*Work to complete*.
What is needed is a faithful transcription of all the data below, pictures excluded.

*Dataset content*.
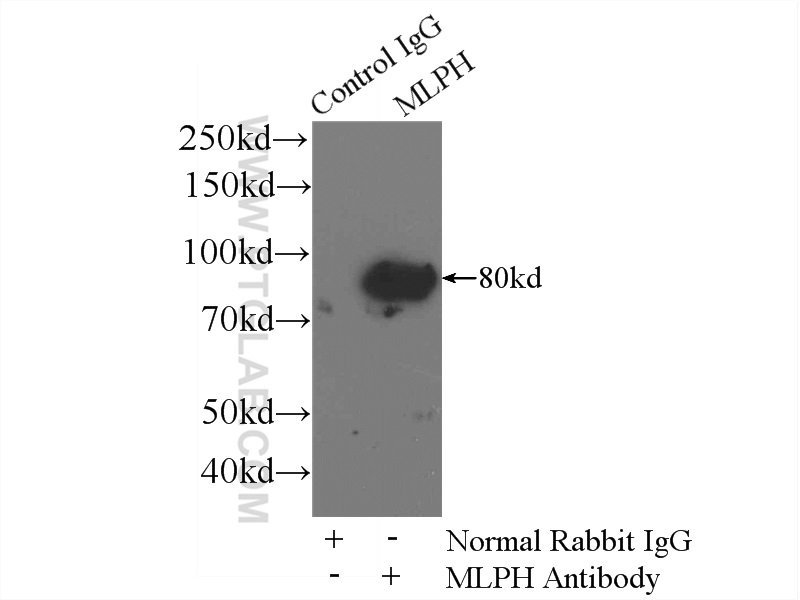 10338-1-AP;A375 cells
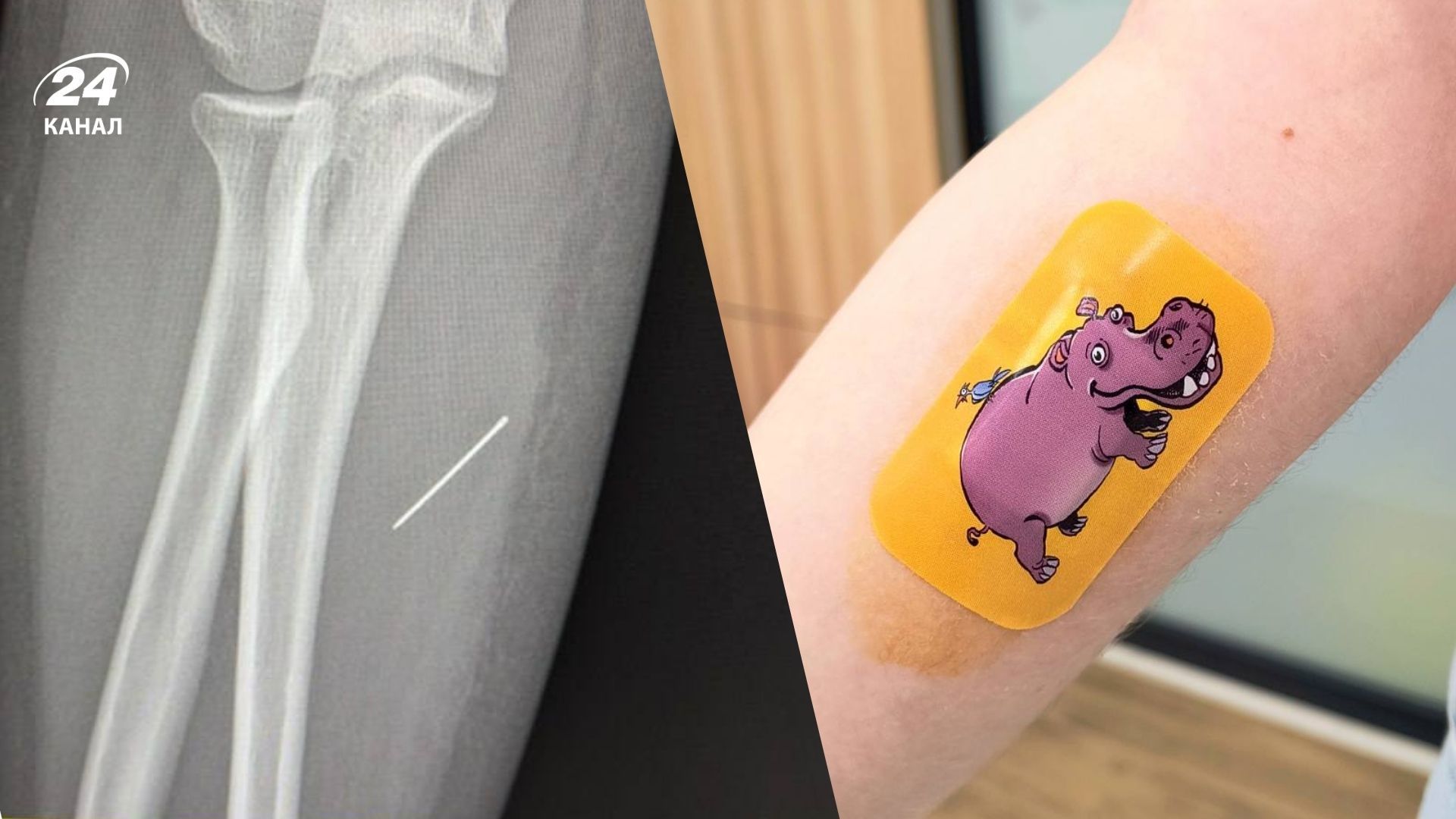 На Львівщині школярка тиждень ходила з голкою в руці - 24 Канал На Львівщині школярка тиждень ходила з голкою в руці - 24 Канал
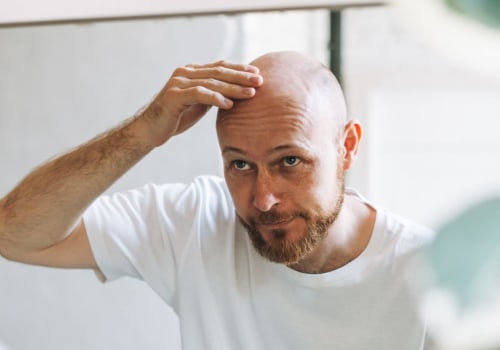 Lifestyle Factors and Male Pattern Baldness: How Your Habits and Choices Affect Your Hair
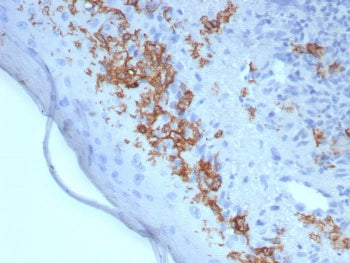 IHC staining of FFPE human skin tissue with CD1a antibody (clone rC1A/8110). HIER: boil tissue secti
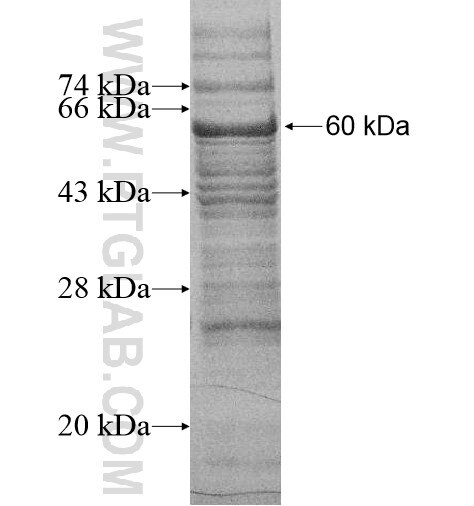 NOSTRIN fusion protein Ag13989 SDS-PAGE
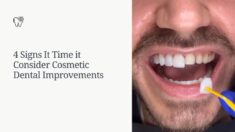 Signs Consider Cosmetic Dental Improvements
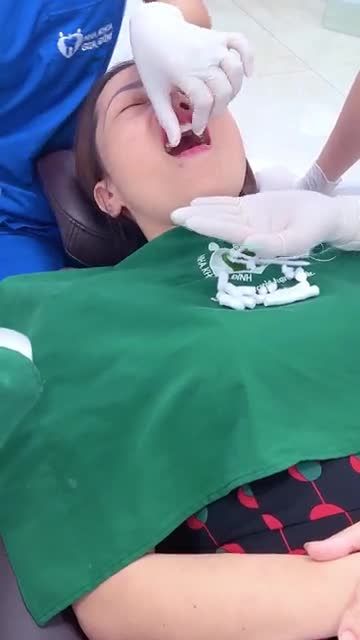 THẨM MỸ RĂNG SỨ CHO KHÁCH HÀNG ĐẾN TỪ PHÚ THỌ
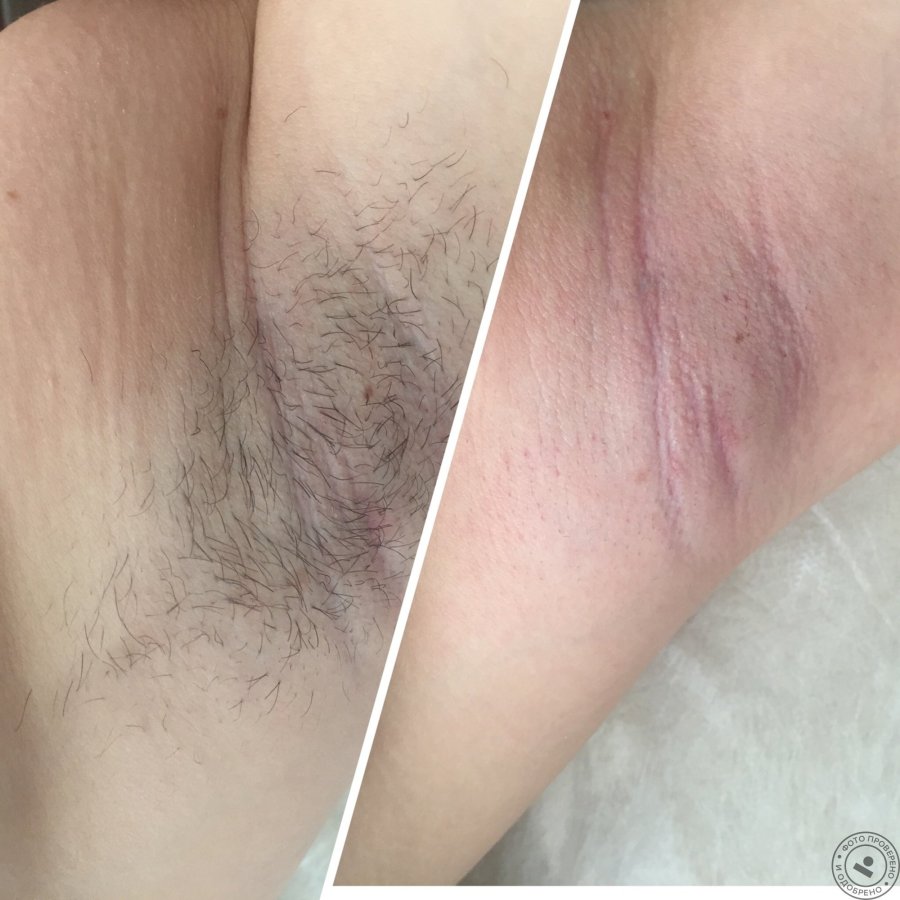 Deep bikini hair removal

*Written reply*.
 10338-1-AP;A375 cells
 На Львівщині школярка тиждень ходила з голкою в руці - 24 Канал На Львівщині школярка тиждень ходила з голкою в руці - 24 Канал
 Lifestyle Factors and Male Pattern Baldness: How Your Habits and Choices Affect Your Hair
 IHC staining of FFPE human skin tissue with CD1a antibody (clone rC1A/8110). HIER: boil tissue secti
 NOSTRIN fusion protein Ag13989 SDS-PAGE
 Signs Consider Cosmetic Dental Improvements
 THẨM MỸ RĂNG SỨ CHO KHÁCH HÀNG ĐẾN TỪ PHÚ THỌ
 Deep bikini hair removal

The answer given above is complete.